The problem: The expected answer is the set of lines in the data below between the line holding "We are running" and the line holding "Put it in and", inclusive, written out exactly.
Segment Start: Exercise data
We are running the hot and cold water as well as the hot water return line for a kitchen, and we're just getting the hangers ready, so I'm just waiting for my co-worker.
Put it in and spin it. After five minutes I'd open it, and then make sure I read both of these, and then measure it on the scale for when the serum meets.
Segment End: Exercise data
Segment Start: Exercise data
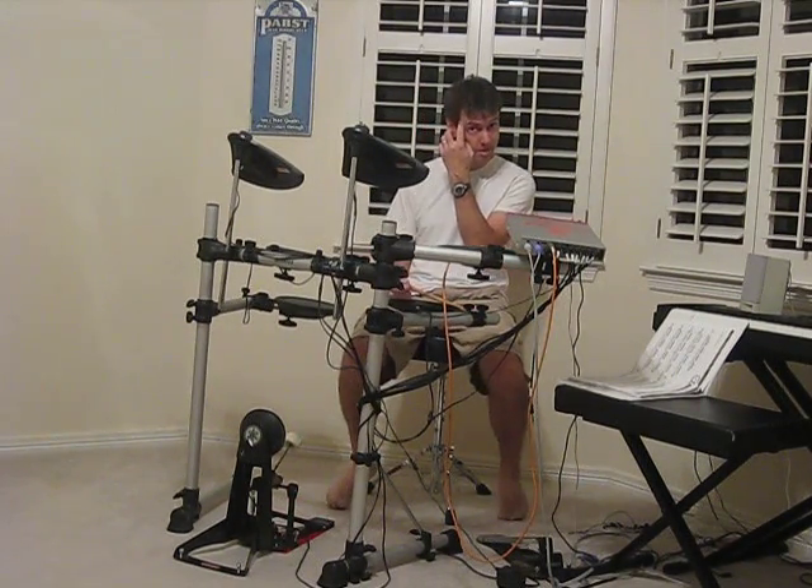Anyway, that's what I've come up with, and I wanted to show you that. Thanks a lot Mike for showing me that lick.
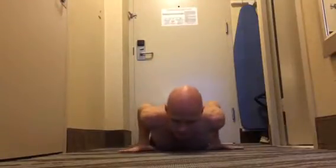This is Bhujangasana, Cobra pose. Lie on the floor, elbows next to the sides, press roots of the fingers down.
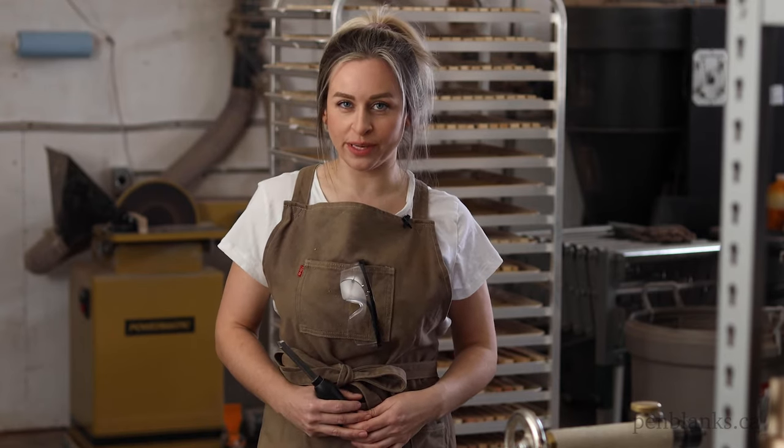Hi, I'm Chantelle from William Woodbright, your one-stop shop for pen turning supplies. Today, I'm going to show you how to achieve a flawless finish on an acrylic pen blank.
Segment End: Exercise data
Segment Start: Exercise data
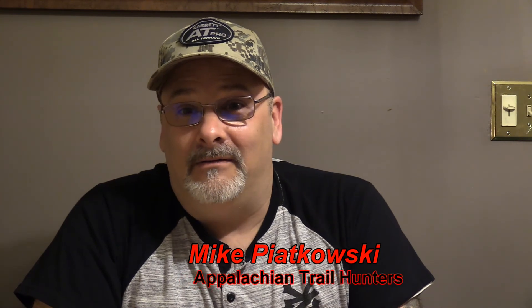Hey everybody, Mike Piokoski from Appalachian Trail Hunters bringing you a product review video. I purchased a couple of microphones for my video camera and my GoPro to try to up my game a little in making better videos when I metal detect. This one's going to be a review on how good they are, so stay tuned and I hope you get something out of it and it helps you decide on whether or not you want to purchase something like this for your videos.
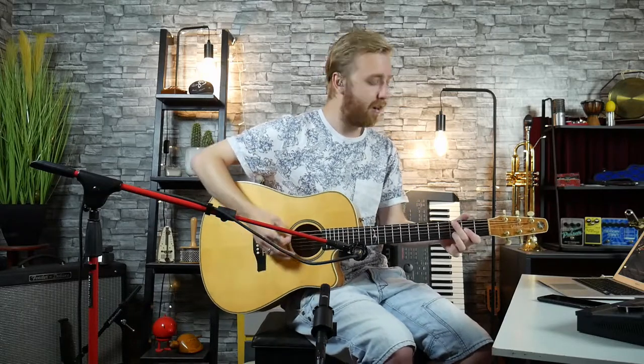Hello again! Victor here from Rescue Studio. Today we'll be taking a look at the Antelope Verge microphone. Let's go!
Segment End: Exercise data
Your response:
We are running the hot and cold water as well as the hot water return line for a kitchen, and we're just getting the hangers ready, so I'm just waiting for my co-worker.
Put it in and spin it. After five minutes I'd open it, and then make sure I read both of these, and then measure it on the scale for when the serum meets.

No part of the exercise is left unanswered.